The Call for a New Paradigm in Evaluating Suspected Coronary Artery Disease
The current diagnostic pathway for evaluating chest pain patients with suspected coronary artery disease (CAD) is fraught with numerous challenges, including ambiguity in clinical decision-making, an over-reliance on various testing modalities and, for many patients, needless expense. It is estimated that over $6.7 billion is spent annually in the US on noninvasive and invasive approaches for the workup of these patients.1
In many instances, the concern of avoiding a misdiagnosis that would lead to a cardiac event has created a management culture of “defensive medicine” and a reflex referral to cardiologists which, in turn, frequently results in abundant diagnostic testing of these patients and, in some cases, unnecessary cardiac procedures. Also, these noninvasive diagnostic tests may trigger the performance of therapeutic procedures such as angioplasty and stenting that, in a low-risk patient, may tilt the ratio of benefit and risk toward the latter. In the aggregate, the unfettered use of such diagnostic tests and the downstream procedures can be risky and costly to both patients and the healthcare system.
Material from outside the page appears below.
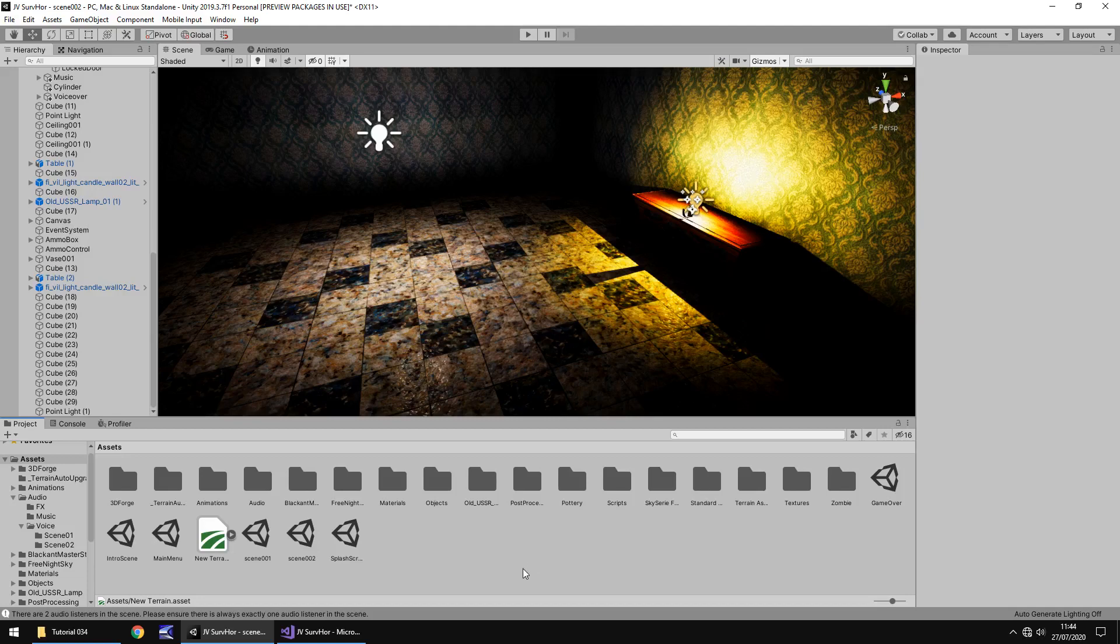Hello there, I'm Jimmy Vegas. This is how to create a survival horror game in Unity and welcome to episode 34.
We need to redirect the initial evaluation of low- to intermediate-risk patients presenting with symptoms suggestive of CAD back to the primary care and internal medicine setting to enable these physicians to play a more prominent role in the initial evaluation and decision-making process.
The Value to the System and Patients Alike
The diagnosis and management of suspected CAD is extremely resource- and labor-intensive and creates a burden on emergency departments and challenges for outpatient practices. In the US alone, the evaluation of suspected CAD is associated with millions of stress tests and angiograms yearly. Importantly, of the patients presenting with symptoms, approximately 90% of those evaluated by primary care physicians (PCPs) are ultimately diagnosed with non-cardiac issues.2
The benefit of shifting physician decision-making, from routine cardiology specialty referral to the primary care physician and practicing internist, is that we can better risk-stratify patients with a lower risk profile and avoid unnecessary referral and procedures that have not been shown to be of any clinical benefit. This would result in better care and help alleviate the burden on the financial health of the managed care system while providing patients with a more selective and tailored approach to management and less expensive treatment.